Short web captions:
########################################
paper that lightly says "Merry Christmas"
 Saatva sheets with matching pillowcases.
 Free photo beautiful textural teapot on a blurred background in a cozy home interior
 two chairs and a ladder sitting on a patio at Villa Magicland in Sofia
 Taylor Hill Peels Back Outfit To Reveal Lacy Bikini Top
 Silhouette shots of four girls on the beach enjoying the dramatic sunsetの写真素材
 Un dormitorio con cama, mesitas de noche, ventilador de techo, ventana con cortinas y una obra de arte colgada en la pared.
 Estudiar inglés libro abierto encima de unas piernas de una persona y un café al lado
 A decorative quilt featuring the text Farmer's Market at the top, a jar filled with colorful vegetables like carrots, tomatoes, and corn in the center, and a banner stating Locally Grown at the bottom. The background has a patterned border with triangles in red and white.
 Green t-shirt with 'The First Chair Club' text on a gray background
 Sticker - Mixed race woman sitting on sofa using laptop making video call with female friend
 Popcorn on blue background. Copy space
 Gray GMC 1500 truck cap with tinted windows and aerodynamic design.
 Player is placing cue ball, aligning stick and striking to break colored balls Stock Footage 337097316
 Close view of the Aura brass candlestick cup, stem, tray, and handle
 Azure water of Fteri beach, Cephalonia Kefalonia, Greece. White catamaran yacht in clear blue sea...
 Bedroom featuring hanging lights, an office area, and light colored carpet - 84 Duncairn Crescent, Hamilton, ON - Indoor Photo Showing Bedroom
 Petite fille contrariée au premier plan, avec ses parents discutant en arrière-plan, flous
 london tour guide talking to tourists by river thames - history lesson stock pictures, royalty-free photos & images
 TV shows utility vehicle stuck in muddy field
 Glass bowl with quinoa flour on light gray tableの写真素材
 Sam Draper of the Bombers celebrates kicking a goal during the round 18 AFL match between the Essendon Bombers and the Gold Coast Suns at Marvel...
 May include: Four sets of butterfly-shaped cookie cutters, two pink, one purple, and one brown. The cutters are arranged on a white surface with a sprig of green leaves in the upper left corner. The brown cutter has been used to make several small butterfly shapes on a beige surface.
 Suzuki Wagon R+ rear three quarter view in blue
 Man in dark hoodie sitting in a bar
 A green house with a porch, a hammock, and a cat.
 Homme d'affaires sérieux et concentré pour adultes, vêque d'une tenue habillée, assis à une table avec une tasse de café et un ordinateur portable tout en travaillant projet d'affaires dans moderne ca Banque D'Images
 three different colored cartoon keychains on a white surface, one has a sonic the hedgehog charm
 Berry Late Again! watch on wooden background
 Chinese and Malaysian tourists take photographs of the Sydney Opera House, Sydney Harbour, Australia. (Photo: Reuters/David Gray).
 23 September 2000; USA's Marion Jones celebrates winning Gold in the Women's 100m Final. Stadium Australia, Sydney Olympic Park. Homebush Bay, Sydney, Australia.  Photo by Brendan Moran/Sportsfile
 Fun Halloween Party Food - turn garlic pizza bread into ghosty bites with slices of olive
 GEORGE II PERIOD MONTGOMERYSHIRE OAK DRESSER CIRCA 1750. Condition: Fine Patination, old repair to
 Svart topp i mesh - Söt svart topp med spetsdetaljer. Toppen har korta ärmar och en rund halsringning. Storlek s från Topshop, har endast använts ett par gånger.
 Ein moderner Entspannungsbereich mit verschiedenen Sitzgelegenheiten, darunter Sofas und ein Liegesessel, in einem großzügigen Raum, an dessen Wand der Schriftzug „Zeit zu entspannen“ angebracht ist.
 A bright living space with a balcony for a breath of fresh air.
########################################
Copy the lines above exactly. Start with the line containing "Sam Draper of", end with the line containing "Ein moderner Entspannungsbereich", and include both.

 Sam Draper of the Bombers celebrates kicking a goal during the round 18 AFL match between the Essendon Bombers and the Gold Coast Suns at Marvel...
 May include: Four sets of butterfly-shaped cookie cutters, two pink, one purple, and one brown. The cutters are arranged on a white surface with a sprig of green leaves in the upper left corner. The brown cutter has been used to make several small butterfly shapes on a beige surface.
 Suzuki Wagon R+ rear three quarter view in blue
 Man in dark hoodie sitting in a bar
 A green house with a porch, a hammock, and a cat.
 Homme d'affaires sérieux et concentré pour adultes, vêque d'une tenue habillée, assis à une table avec une tasse de café et un ordinateur portable tout en travaillant projet d'affaires dans moderne ca Banque D'Images
 three different colored cartoon keychains on a white surface, one has a sonic the hedgehog charm
 Berry Late Again! watch on wooden background
 Chinese and Malaysian tourists take photographs of the Sydney Opera House, Sydney Harbour, Australia. (Photo: Reuters/David Gray).
 23 September 2000; USA's Marion Jones celebrates winning Gold in the Women's 100m Final. Stadium Australia, Sydney Olympic Park. Homebush Bay, Sydney, Australia.  Photo by Brendan Moran/Sportsfile
 Fun Halloween Party Food - turn garlic pizza bread into ghosty bites with slices of olive
 GEORGE II PERIOD MONTGOMERYSHIRE OAK DRESSER CIRCA 1750. Condition: Fine Patination, old repair to
 Svart topp i mesh - Söt svart topp med spetsdetaljer. Toppen har korta ärmar och en rund halsringning. Storlek s från Topshop, har endast använts ett par gånger.
 Ein moderner Entspannungsbereich mit verschiedenen Sitzgelegenheiten, darunter Sofas und ein Liegesessel, in einem großzügigen Raum, an dessen Wand der Schriftzug „Zeit zu entspannen“ angebracht ist.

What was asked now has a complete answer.